I know the Jupiter 2 got lost...but did they not almost make it Alpha Centauri? Damn Dr. Smith...
We can build a huge ship and send lots of people.
But we need to make sure the planet around proxima is habitable first
We cannot. With the current technology level the trip to Proxima Centauri will take 80 000 years
And then after traveling for 2 thousands years: sorry guys we were wrong there's no habitable planet here
Even worse... Thousands and generations that will die as earthlings never seeing earth. With today's tech... Morally wrong.
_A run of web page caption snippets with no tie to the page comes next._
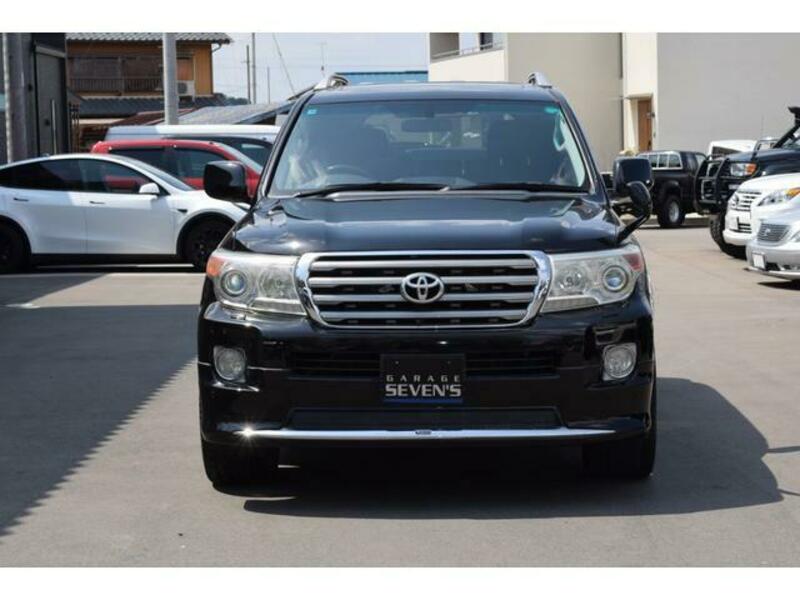 LAND CRUISER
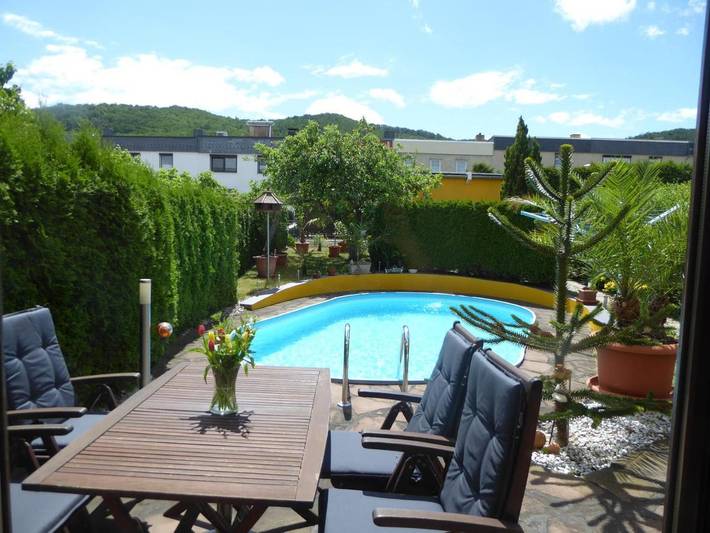 Ferienwohnung für 2 Personen, mit Terrasse und Garten sowie Pool in Sachsen-Anhalt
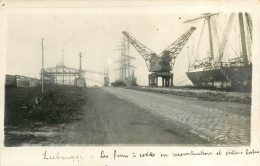 291223A - CARTE PHOTO BELGIQUE - ZEEBRUGGE ZEEBRUGES Les Fours à Coke En Reconstructions Et Voiliers Boches Usine - Zeebrugge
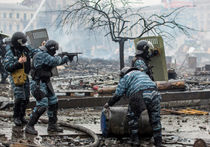 Снайпер на Майдане расстрелял 20 милиционеров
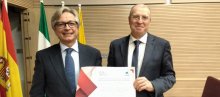 Guillermo Antiñolo y Joaquín Dopazo con el galardón del Colegio de Médicos de Córdoba y Caixabank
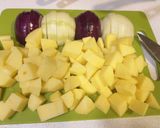 Foto del paso 1 de la receta: Cuartos traseros de pollo con verduras a la silla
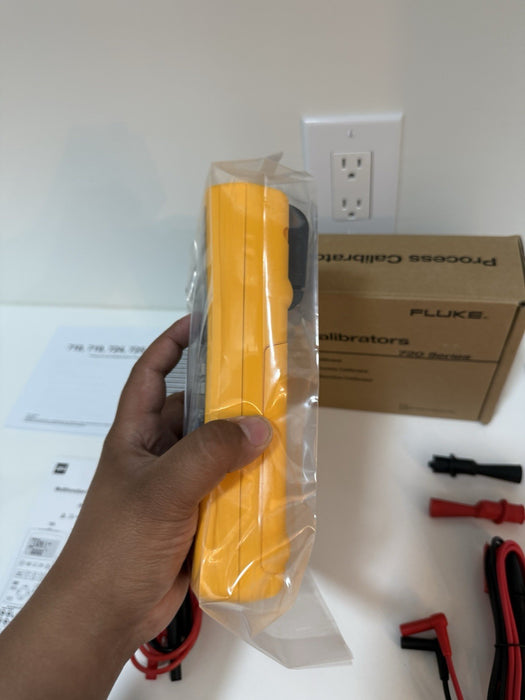 FLUKE 725/FPC PROCESS CALIBRATOR W/ 1 YEAR PREMIUM CARE MFD-2025 CALIBRATED 2025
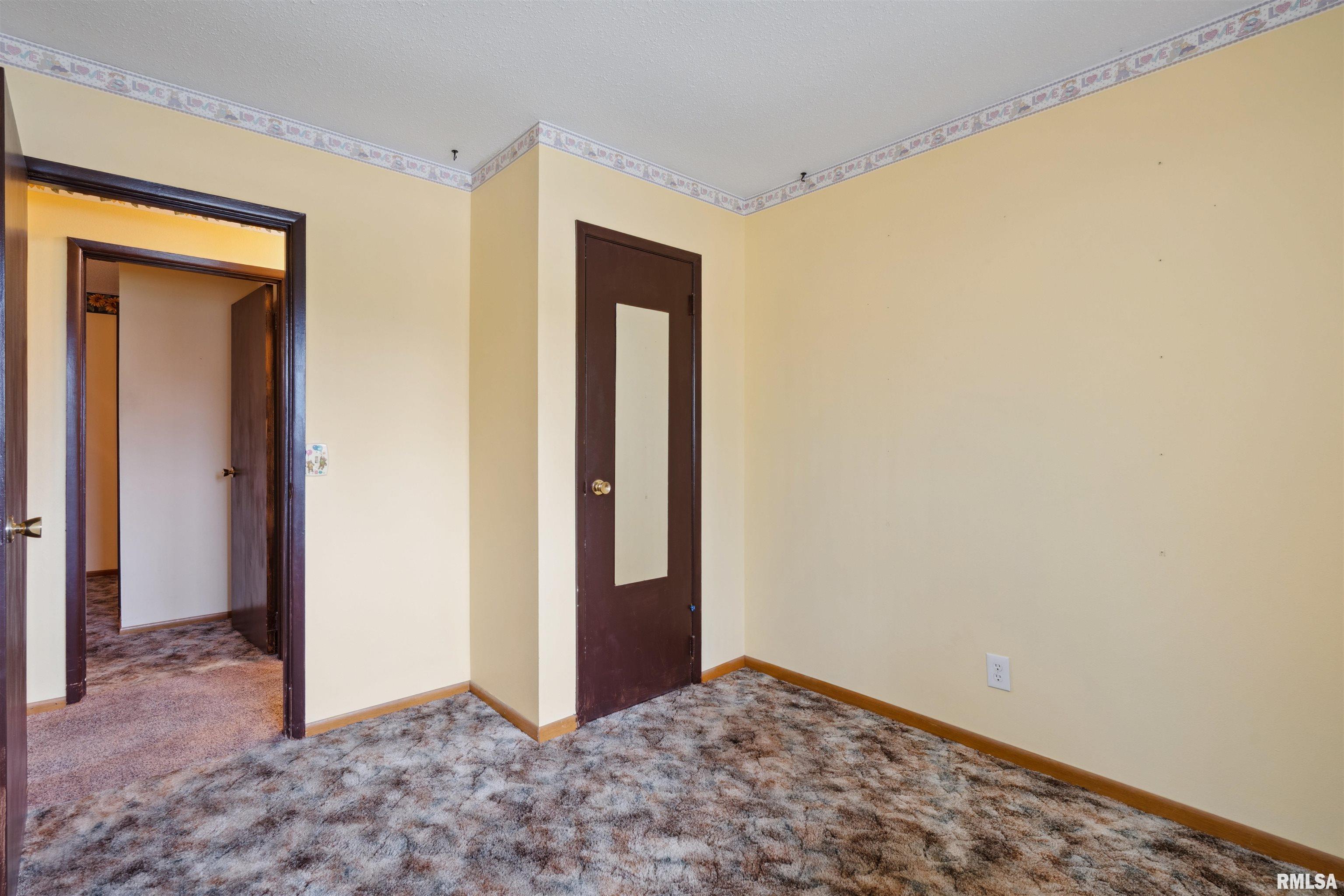 3220 Clover Hills Drive Property Photo 13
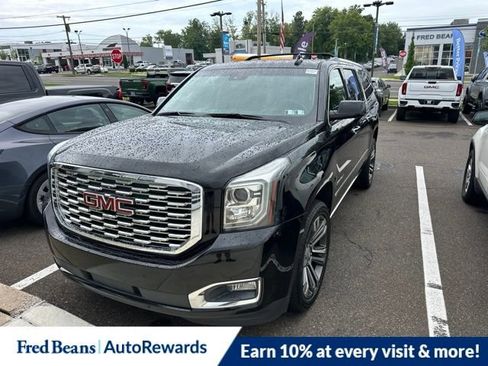 Used 2018 GMC Yukon XL Denali w/ Denali Ultimate Package AWD/4WD image 3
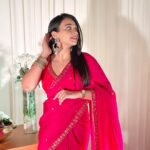 Dimple Biscuitwala Instagram – Rani pink🩷
Wearing @aasvi_by_sheetalchandel 
.
#sareelove #weddingoutfit #organza #organzasaree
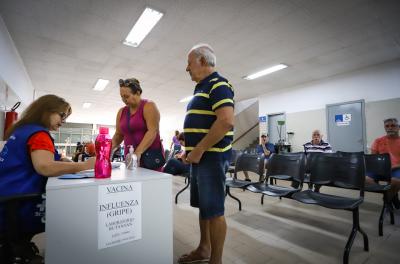 Vacinas contra Influenza e Covid-19 podem ser aplicadas juntas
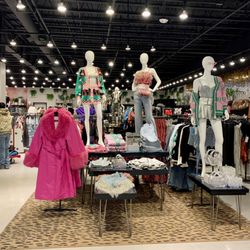 Akira Clothing Giftly Email, Text or Print, 1100 S Hayes St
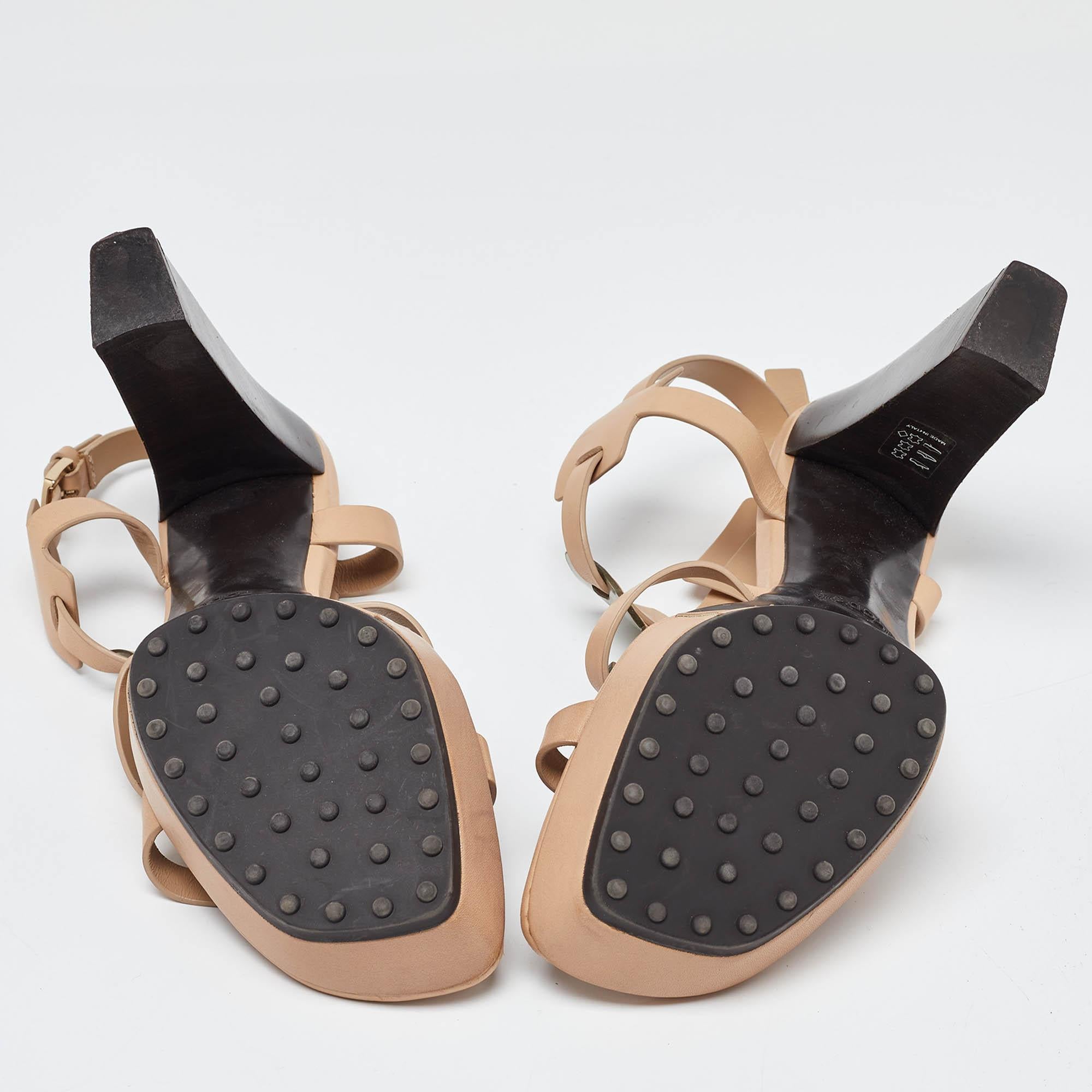 Tod's - Sandales à plateforme en cuir beige/gris métallique avec bride en T - Taille 39,5 en vente 1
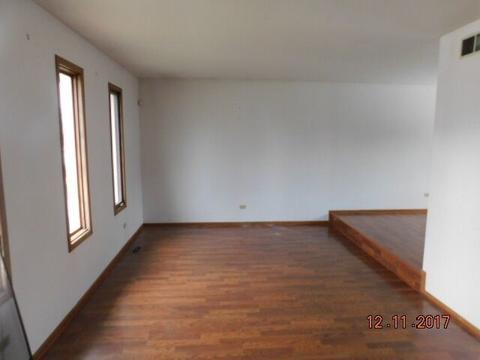 536 E 146th St, Dolton, IL 60419 photo 2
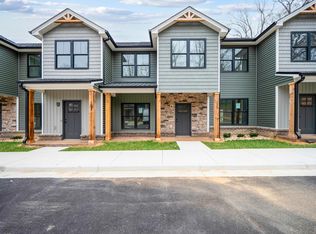 1006 Wythe Dr, Forest, VA 24551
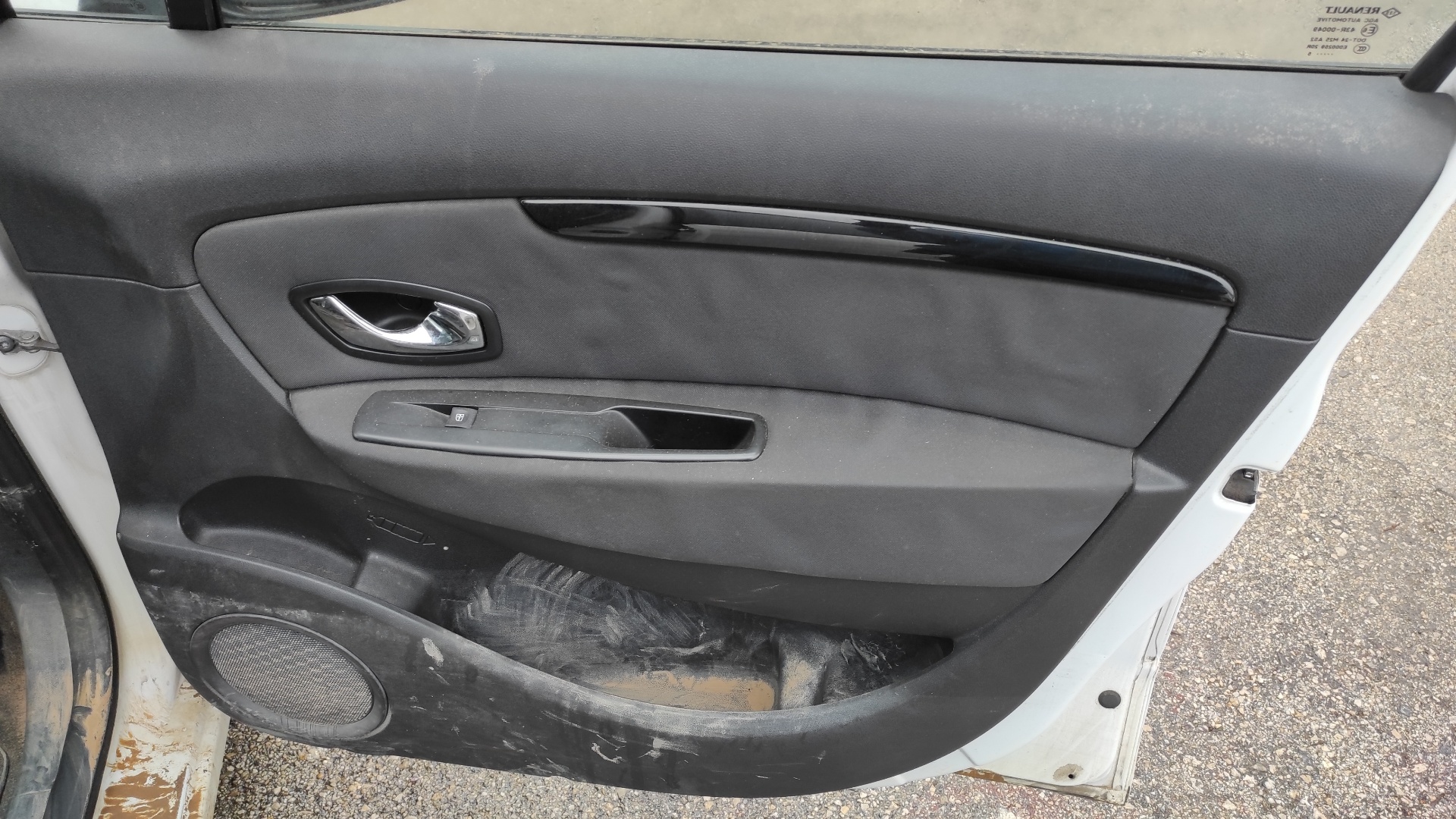 REFUERZO PARAGOLPES DELANTERO RENAULT SCENIC III - vista 23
We should build a kaplan thruster and just move the whole solar system...
Just making 3min video to 30m 😮😮😮
Warp drive engines fold the space-time into whatever distance you want.
If we sent insects into space I wonder what would happen would they live for ever and keep growing or die out
they would 100000% die
You have watched too many movies. 😂
So far and no oil :-)
I’m packing my suitcase right now, but I have a few questions and must haves. There has to be salsa and it Hass to be good. I’m gonna need oranges and strawberries probably blueberries have to be able to be grown there.
Let’s say it takes 50 years what sports am I gonna start there will football still be relevant to soccer? Baseball, Tennis?
Can I build something like Las Vegas there and so I can gamble on the satellites winning the very first football season and then I become rich on alpha Centauri?
🤡
It always makes me sad to realise how prohibitive inter-Stella flight is
Same. I hope that in my lifetime we at least get visitors that managed to figure it out. That would be the next best thing. I just want to know what's going on out there.
What about inter-galactic travel
And this is why we all are doom worrying about budget when it comes down to human life
Pluto is "easy" (We have even seen it close up.)
But the nearest star is "impossible"...utterly beyond any tech we have now or for many centuries into the future.
Voyager 1 will be at the same distance (but not position) from earth in 77,000 years (Seventy Seven Thousand Years.)
Voyager 1 recedes from Earth 1000 more kilometres every single minute. That's fast.
If you wanna see Pluto, go to Disneyland 😂
These days it has become a trend on youtube to make stupid video and ask questions whose answers are very obvious. They have no content.. 2/3 they just spend time in telling about history and other word nonsense.
We should already be using nuclear powered ships to explore our solar system. It's a natural process of the universe but unfortunately the technology was used for destruction. Now every greeny jumps up and down when it mentioned for anything. Other technologies like fusion and harnessing solar efficiently we just aren't developed enough to be practical. Exploration of our solar system would be so much easier if we used the technology we already have
We are all just brains floating in jars hooked up to insane quantum computers. Pluto is just the end of Pi.
Because of insane distances.
Especially Alpha Proxima.
With that one, you won't live long enough. Neither would your children, grandchildren, great grandchildren and so it goes.
If they cured aging time would no longer be an issue.